=== Required work ===
Each entry must come back word for word; drop the images as you go.

=== Extracted information ===

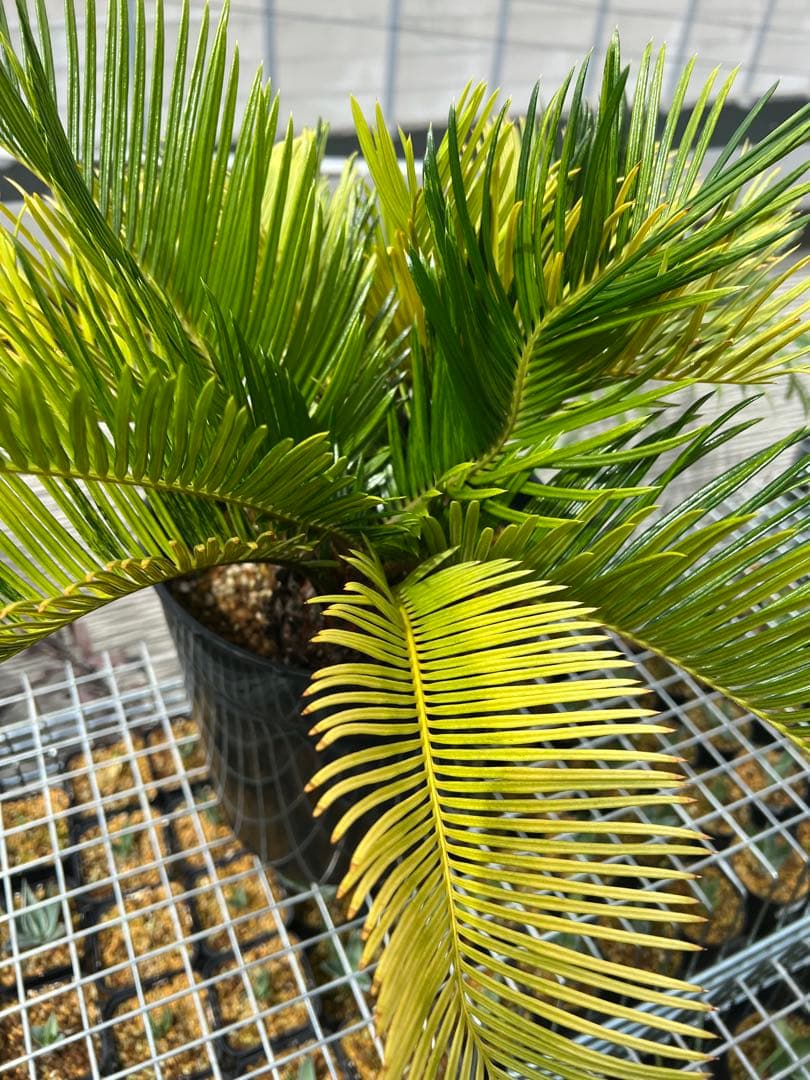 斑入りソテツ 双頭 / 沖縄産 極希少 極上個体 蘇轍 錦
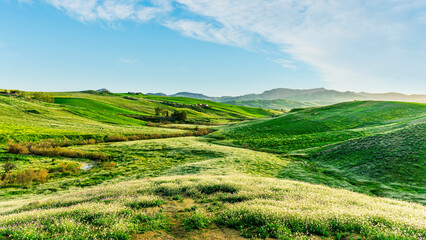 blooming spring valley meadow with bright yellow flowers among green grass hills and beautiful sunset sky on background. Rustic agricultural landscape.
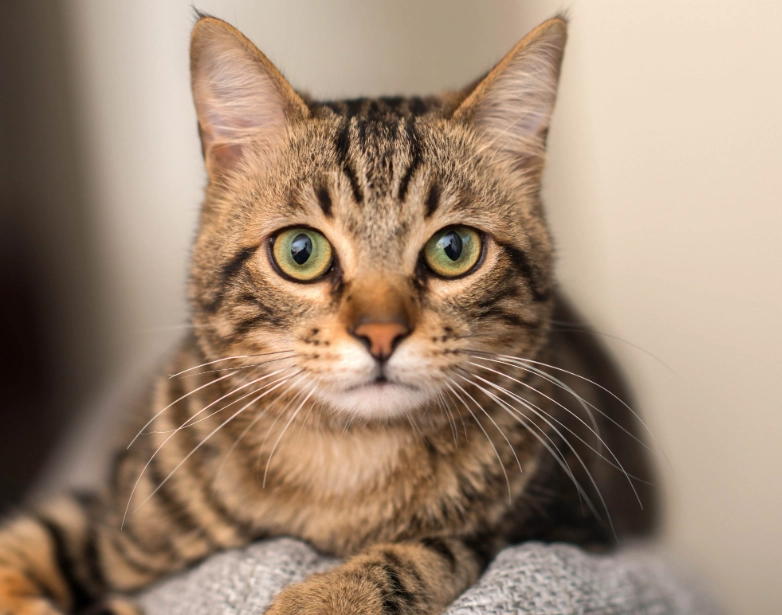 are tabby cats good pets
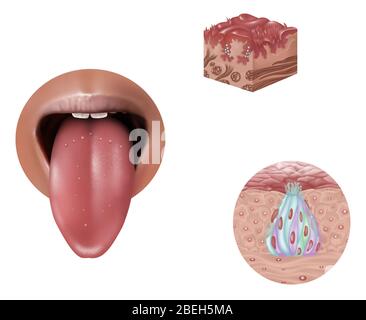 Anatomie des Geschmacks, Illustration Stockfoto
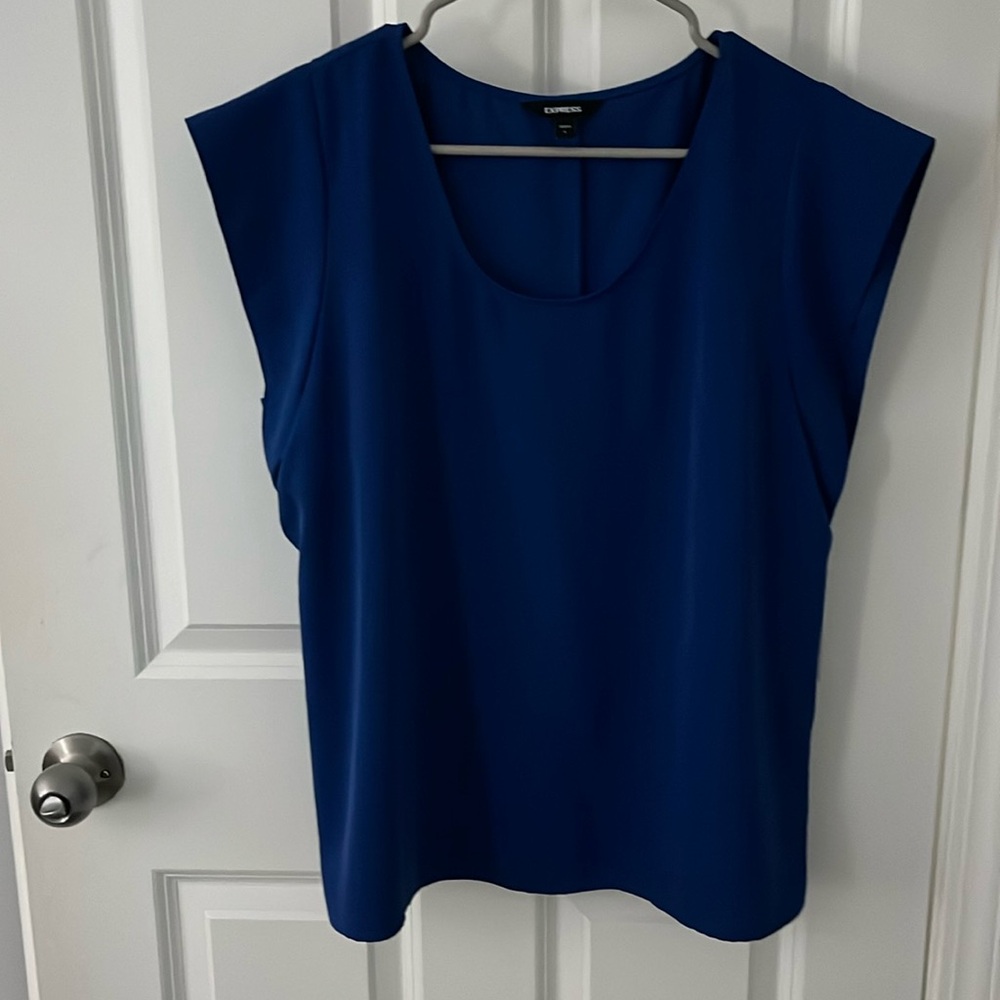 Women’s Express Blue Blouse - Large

=== Your solution ===
 斑入りソテツ 双頭 / 沖縄産 極希少 極上個体 蘇轍 錦
 blooming spring valley meadow with bright yellow flowers among green grass hills and beautiful sunset sky on background. Rustic agricultural landscape.
 are tabby cats good pets
 Anatomie des Geschmacks, Illustration Stockfoto
 Women’s Express Blue Blouse - Large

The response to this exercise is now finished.